This Trinity release goes out under the name "Williamina Fleming".
Look for improvements to command line usage, logging, plugin dogfooding, and a less-crashy (but still experimental) new sync approach.
With each release we like to highlight one of the amazing women from history and present day. Meet [Williamina Fleming](https://en.wikipedia.org/wiki/Williamina_Fleming), a:
> Scottish astronomer. During her career, she helped develop a common designation system for stars and cataloged thousands of stars and other astronomical phenomena. Among several career achievements that advanced astronomy, Fleming is noted for her discovery of the Horsehead Nebula in 1888.

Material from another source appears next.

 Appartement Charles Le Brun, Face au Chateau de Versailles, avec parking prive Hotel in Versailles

![Williamina portrait](https://upload.wikimedia.org/wikipedia/commons/thumb/7/79/Williamina_Paton_Stevens_Fleming_circa_1890s.jpg/200px-Williamina_Paton_Stevens_Fleming_circa_1890s.jpg)

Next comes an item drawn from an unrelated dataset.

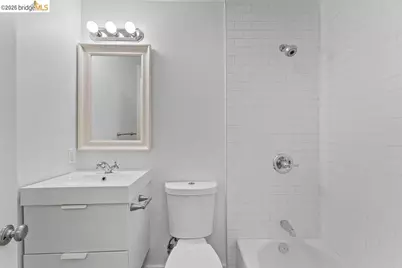 769 17th St, Oakland, CA 94612 - Photo 30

Of special note is `trinity --sync-mode=beam`. Beam Sync now crashes so much less that it's reasonable for adventurous folks to start experimenting with it. Beam Sync downloads just enough state to run the latest blocks, and is currently the best option for executing the latest mainnet blocks with Trinity. Note that the current Beam Sync implementation does eventually fall behind and stop syncing, but there are many options for performance improvement. In the current implementation, Beam Sync can run for a few hundred blocks if you sync against a peer on localhost.